= WORK ITEM =
Repeat only the lines from the one that contains "Equip 24 prievadų" through the final line of the listing below, exactly, please, without pictures.

======== PROVIDED DATA ========

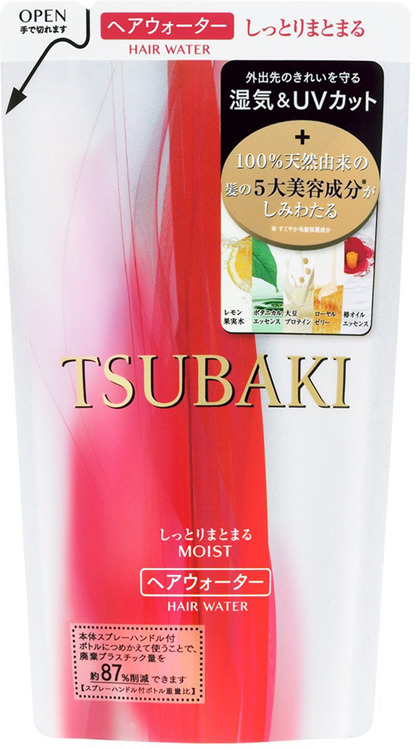 фото Спрей для волос Shiseido Tsubaki Moist, увлажняющий, с маслом камелии и защитой от термического воздействия, 200 мл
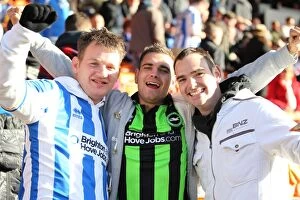 Images Dated 8th February 2001: Brighton and Hove Albion FC: Top 10 Unforgettable Away Day Crowd Moments 2012-13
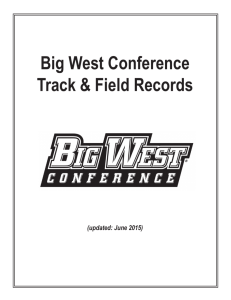 Record Book - Big West Conference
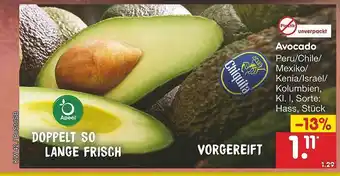 Netto Marken-Discount Avocado Peru Chile Mexiko Kenia Israel Kolumbien Angebot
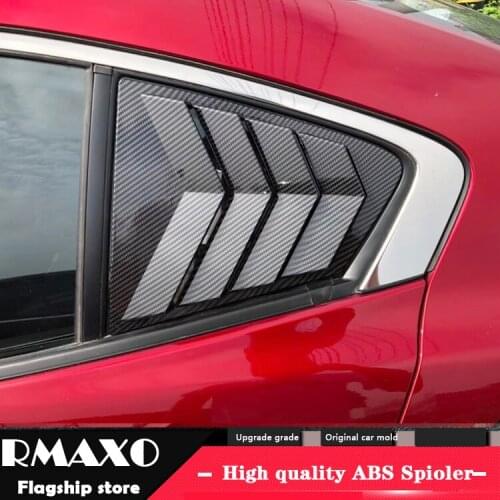 For Mazda3 Axela 2020-21 Sedan ABS Back triangle Rear Door Window shades Louver Frame Window Sill Molding Cover Sticker Trim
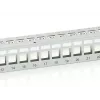 Equip 24 prievadų Keystone Cat.6 ekranuotas skirstomasis skydas, šviesiai pilkas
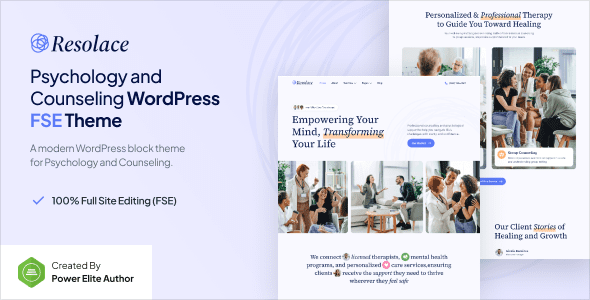 Resolace 1.0.1 - Psychology & Counseling FSE WordPress Theme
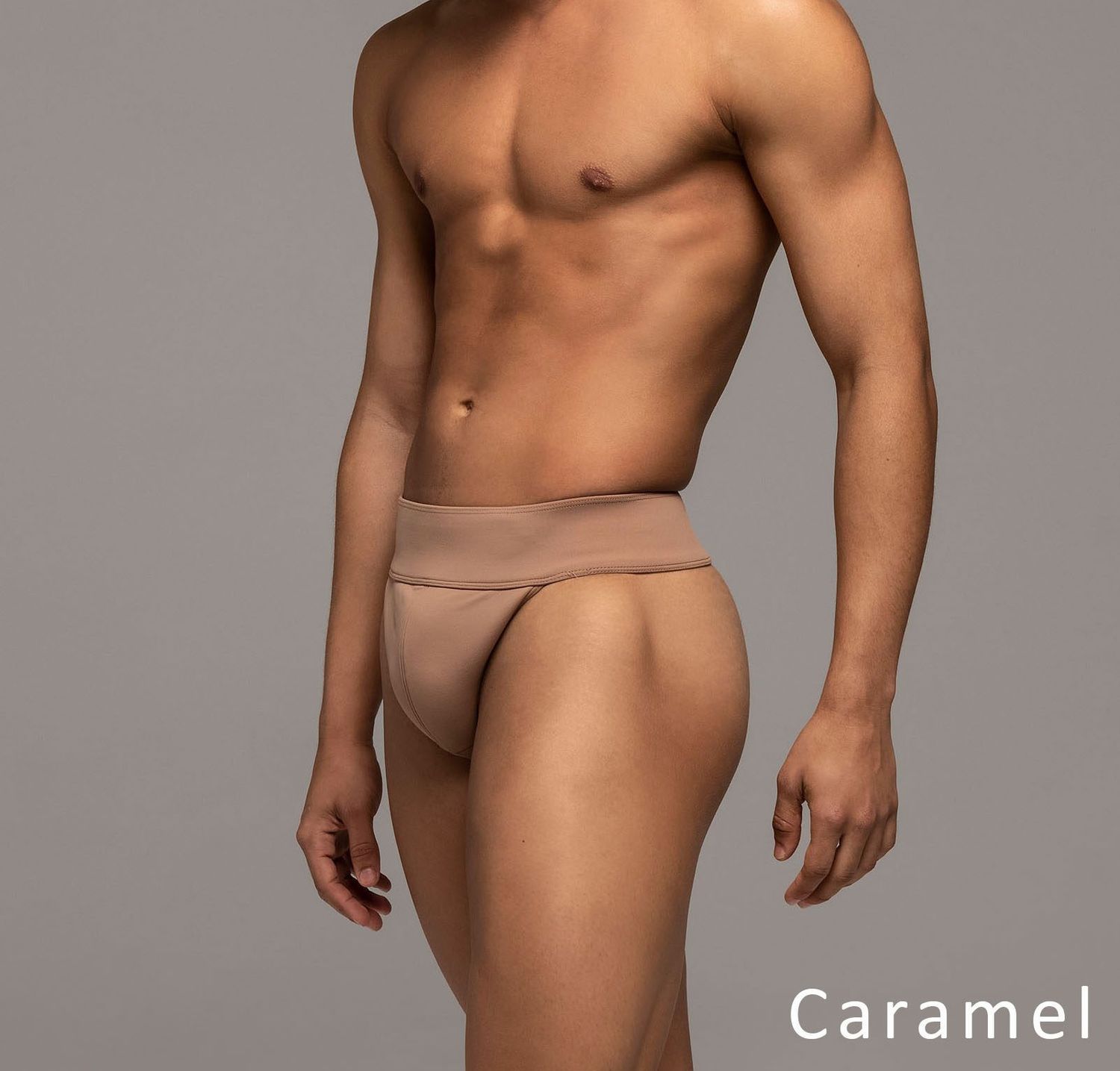Dance Jox Dance Belt - Thong, Color: Caramel, Size: L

========

= WRITTEN RESPONSE =
 Equip 24 prievadų Keystone Cat.6 ekranuotas skirstomasis skydas, šviesiai pilkas
 Resolace 1.0.1 - Psychology & Counseling FSE WordPress Theme
Dance Jox Dance Belt - Thong, Color: Caramel, Size: L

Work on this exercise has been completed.